Mary Graham (née Wissler) is an American writer and co-director of the Transparency Policy Project at Harvard University's John F. Kennedy School of Government.

She has written four books on the politics of public information. Presidents' Secrets: The Use and Abuse of Hidden Power, was published in 2017. In 2007, with co-authors Boston University professor David Weil and Harvard University professor Archon Fung, she wrote Full Disclosure: The Perils and Promise of Transparency. In 2002, she wrote Democracy by Disclosure: The Rise of Technopopulism. In 1999, she wrote The Morning after Earth Day: Practical Environmental Politics.

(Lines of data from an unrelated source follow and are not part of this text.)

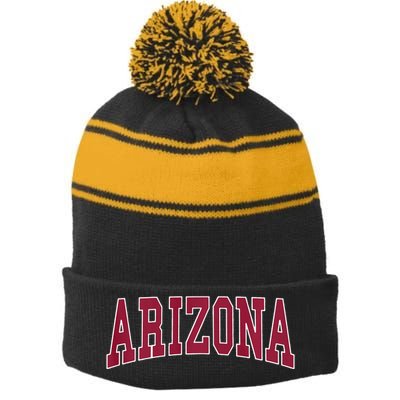 Arizona Throwback Design Classic Stripe Pom Pom Beanie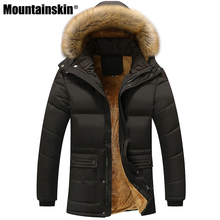 Montanha jaqueta masculina de inverno, casaco de lã grosso 5xl gola de pele com capuz jaqueta casual masculina, jaqueta à prova de vento sa390 2024 - compre barato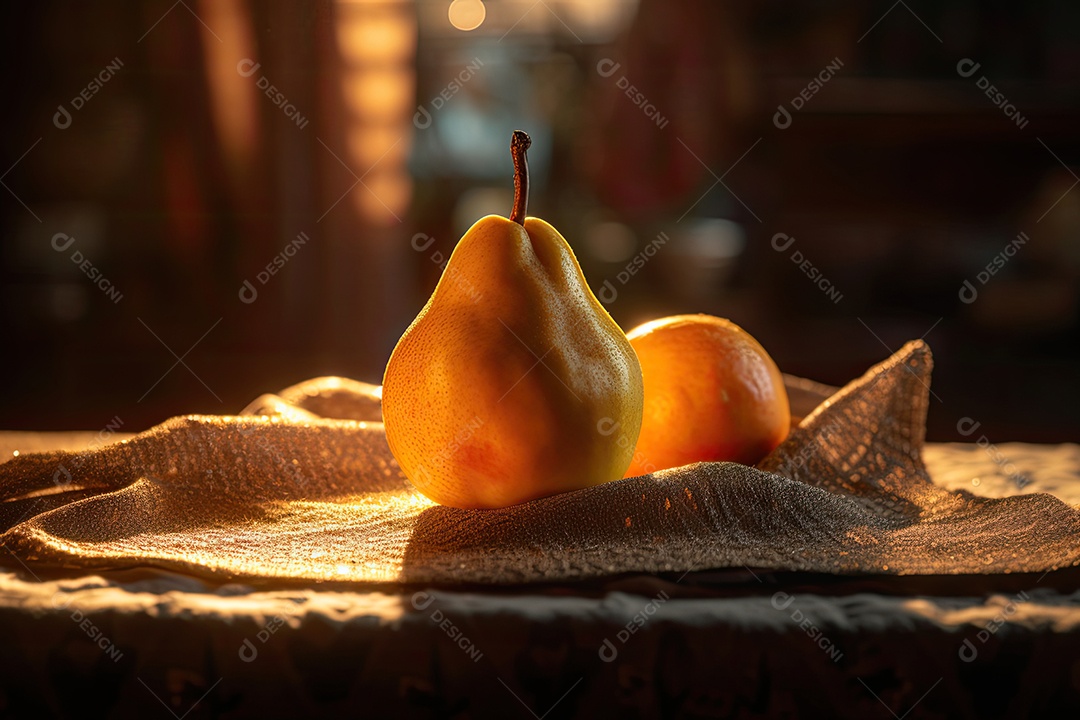 Fruta sobre uma mesa de madeira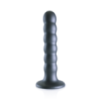 Dildo en silicone avec perles pour le point G - 12.8x2.5cm - Gunmetal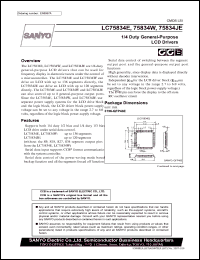 LC75834JE datasheet: 1/4 duty general-purpose LCD driver LC75834JE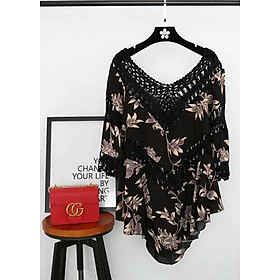 Váy họa tiết cổ V cao cấp Quảng Châu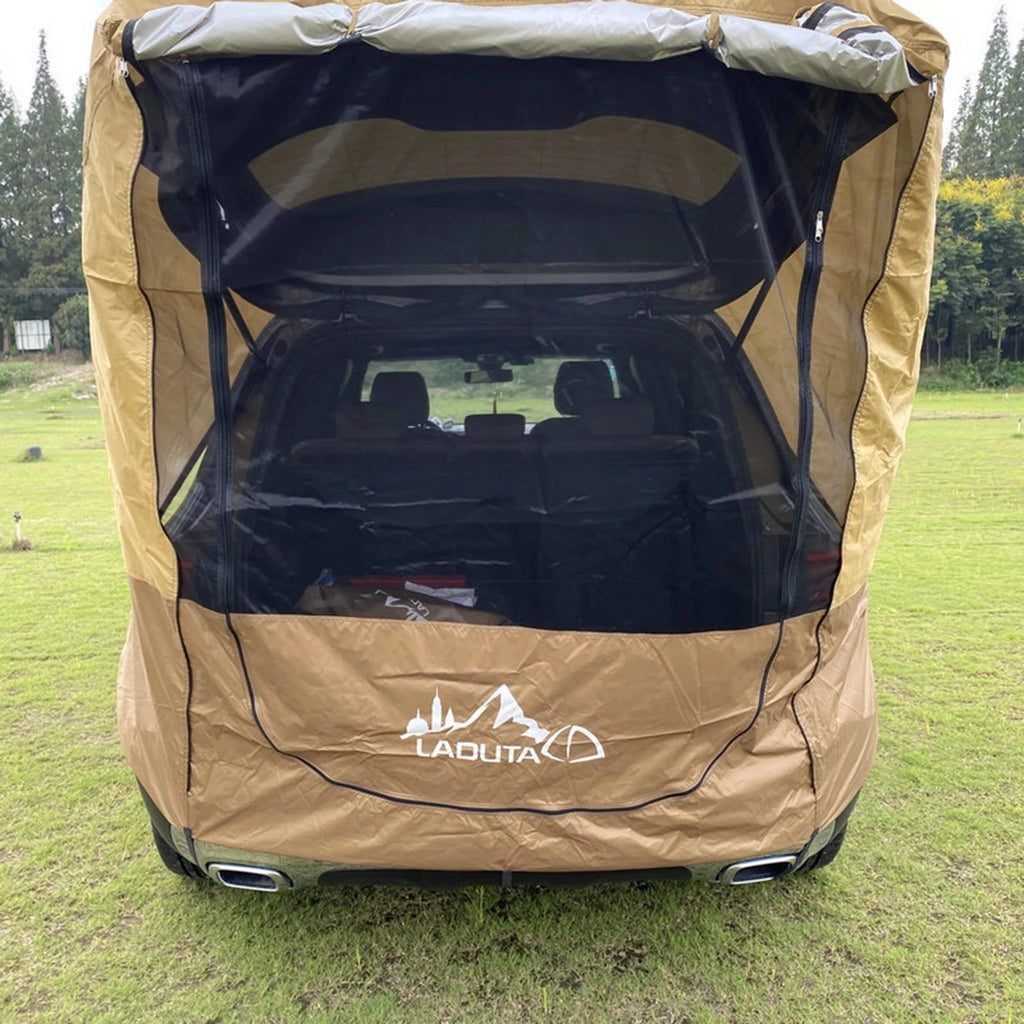 Tienda de coche para la cajuela, toldo auto, SUV impermeable, tienda trasera, toldo portátil para cajuela para campamento, viaje autónomo sin tubería de hierro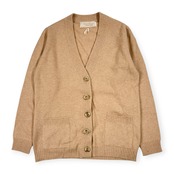 カシミヤ100% スコットランド製 MURRAY ABLAN ニット カーディガン 37cm-38" /ベージュ レディース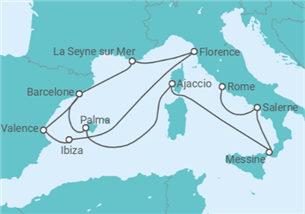 Itinéraire -  De Barcelone à Rome (Civitavecchia) - Cunard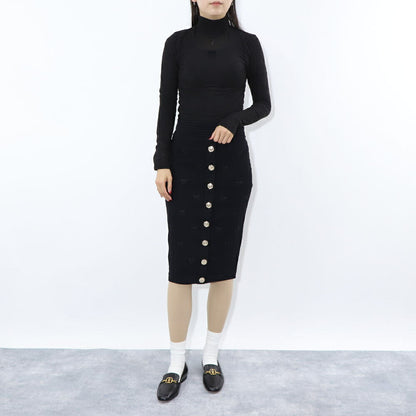 PINKO Tシャツ  ブラック タートルネック ロゴ シースルー 長袖 1G17WA-Y7D2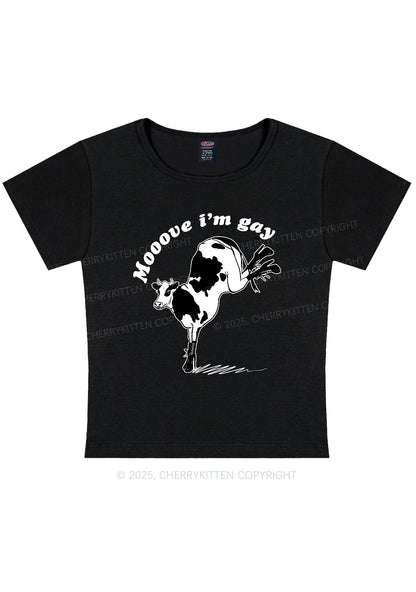 Mooove Im Gay Y2K Baby Tee Cherrykitten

Graham has written for the Atlantic Monthly, Financial Times, Environment , Issues in Science and Technology, and other publications. She has a J.D. degree from Georgetown University Law Center and an undergraduate degree from Harvard-Radcliffe. From 1967 to 2007, she was married to former Washington Post publisher Donald Graham. They have four adult children.

From 2001 to 2013 Graham was a board member for the Chicago-based MacArthur Foundation. In 2010, she joined the advisory board for the Wikimedia Foundation's Public Policy Initiative.

Earlier in her career, she practiced law in Washington, DC, worked on regulatory reform at the U.S. Department of Transportation, and worked on legislative and budget issues at the U.S. Office of Management and Budget.

Graham is a trustee of the Juilliard School for the Performing Arts and a member of the visiting committee of the Columbia University School of Journalism.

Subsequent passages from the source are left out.